The community must not be confused with an area of anarchy. The students have complete mobility and freedom to demonstrate their understanding and ability, but there are certain rules:
- Refrain from stepping on anyone else's words. Teachers and parents, in particular, must be aware that as children interact socially, adding their story versions and asking questions, the narrative invariably improves. Often what adults think of as interruptions actually give wings to the stories.
- Build onto one another's ideas and accept all ideas as a part of the thinking that is responsible for webbing the rich and welcome everyday knowledge with the school knowledge, and vice versa.
- Use space wisely
- Stay on task.
- Share as needed with a peer or an adult in the room after asking politely if that person can spare a minute.
- Assemble at home base to share works-in-progress. Everyone is welcome to continue writing; however, out of respect for those wishing to share, side conversation is not welcome.
- Give whole class attention when there is a teacher lesson or a guest speaker.
- Give whole class attention when a peer is celebrating his published work.
- Understand that when asked to focus as a whole class there will be strategies, skills, stories read, or information shared in context with the ongoing learning. (This is a time when the teacher takes advantage of the "teachable moments.")
- Take advantage of the one-to-one mini-lessons. During these lessons, it is important to practice listening, wondering, and questioning with the student. This can be a time of growth and self-discovery, and often a student just needs encouragement to use his own ideas to solve a problem.

In a community of learners, the children's interests create, for them and the community, "a mushrooming of learning for learning's sake."

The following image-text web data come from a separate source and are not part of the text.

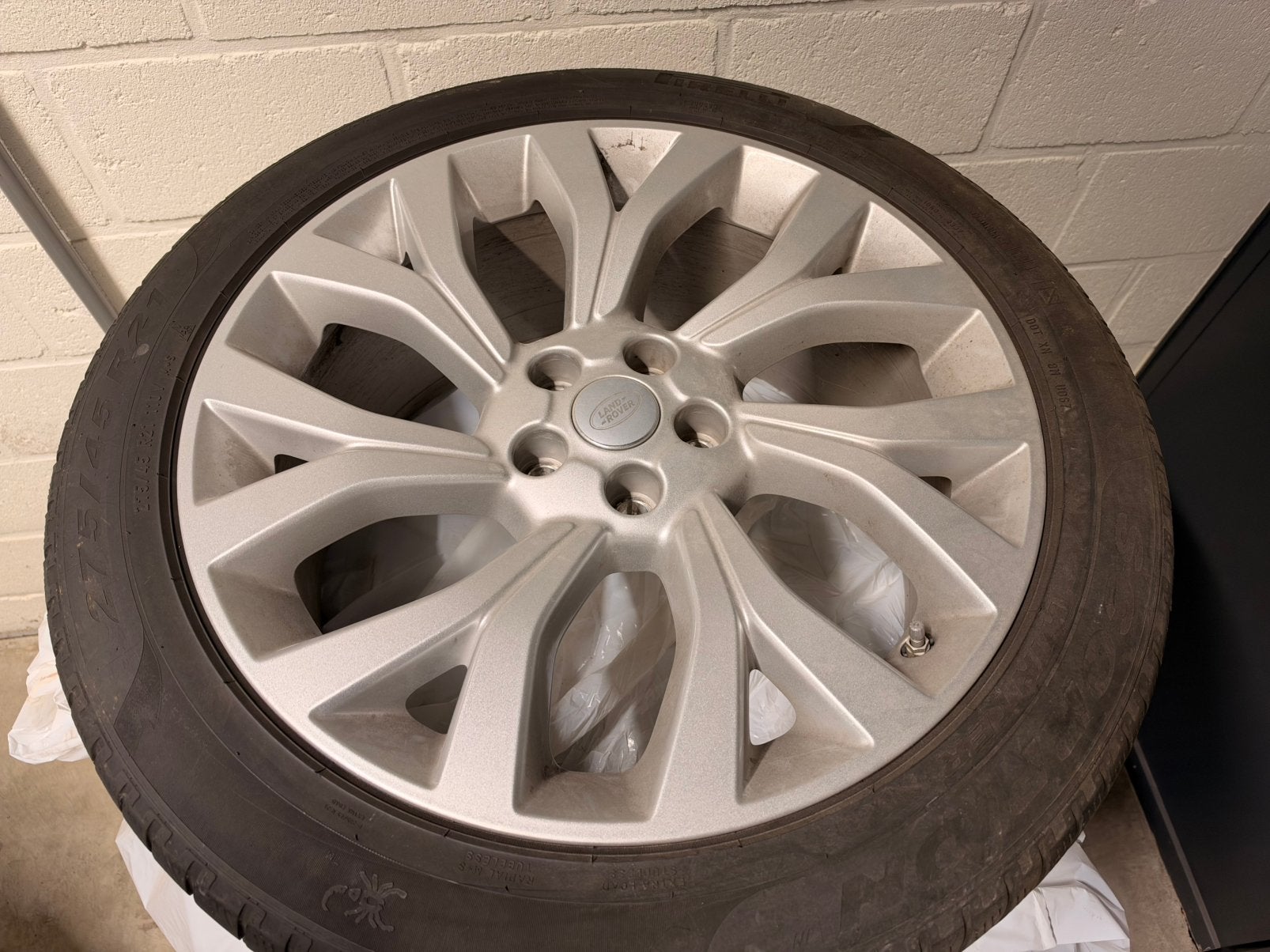 21” winterset Pirelli winterbanden Range Rover, 275 mm, Banden en Velgen, 21 inch, Winterbanden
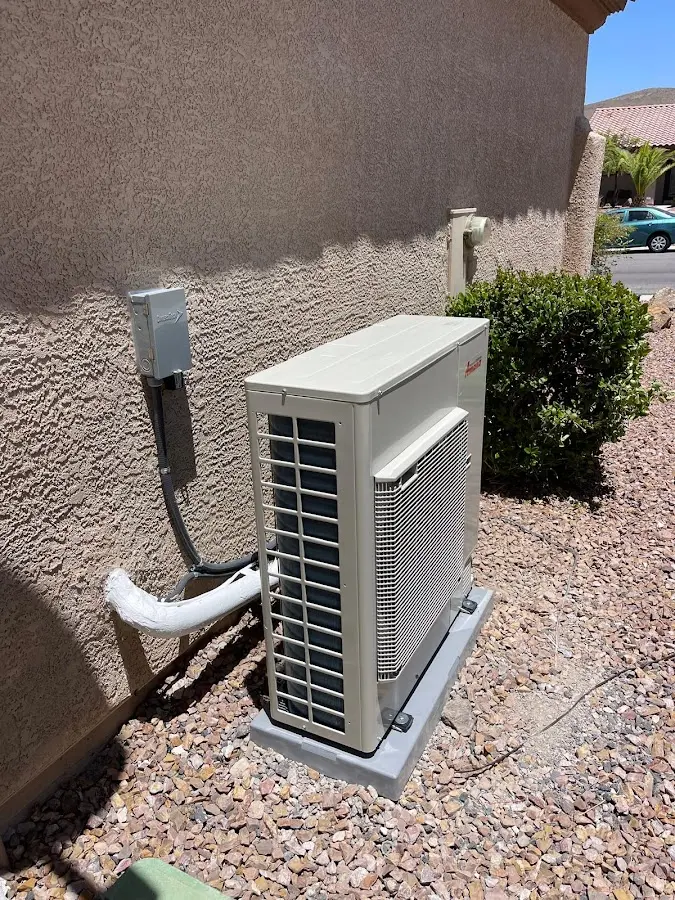 Residential air conditioning condenser unit in Diboll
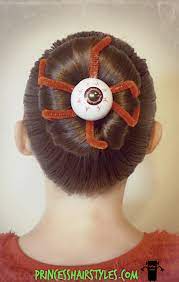 Cute Halloween Hairstyles This Giant Eyeball Hair Bun Idea Is Fantastic And So Unique It Would Be A Great Crazy Halloween Hair Wacky Hair Days Wacky Hair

==Differences with other progressive teaching methods==

Student-directed teaching is not the only alternative teaching method in existence. Following are some key differences between student-directed teaching and other popular alternative ideologies.

===Montessori===

The Montessori method is a progressive teaching technology that, like student-directed teaching, places the child at the centre of the educational ecology. While Montessori does allow for the child's learning experience to be adapted to his or her own capabilities, it still retains some vestiges of the mainstream education philosophy in its apprehension over giving the child complete freedom and ownership. Student-Directed Teaching is distinguished from Montessori in the availability of the five teaching styles and the Community of Learners.

===Waldorf===

The Waldorf method of education is based on Rudolf Steiner's concept of anthroposophy, where learning is interdisciplinary, integrates practical, artistic and conceptual elements, and is coordinated with the rhythms of life. Similar to student-directed teaching, the Waldorf method is hesitant in recognizing hard boundaries between subjects, passion areas and experiential learning; additionally, the Waldorf method places heavy emphasis on imagination, much like student-directed teaching.

Where student-directed teaching differs is in its progressive approach to student accountability. The Waldorf method, despite its efforts to improve education holistically differs in that there is still a set program to follow, flexible as it may be. Student-directed teaching is much more of a results-driven education system, where the choice is never not to work, but how to work; as long as the work required by the curriculum is being completed, each student is completely free to go about it his or her own way.

==Criticism: Not student-directed teaching but student-directed learning==

Traditional education focuses on teaching, not learning. However, most of what one learns before, during, and after attending schools is learned without it being taught to us. A child learns such fundamental things as how to walk without being taught. Adults learn most of what they use at work or at leisure while at work or leisure. Most of what is taught in classroom settings is forgotten, and much or what is remembered is irrelevant.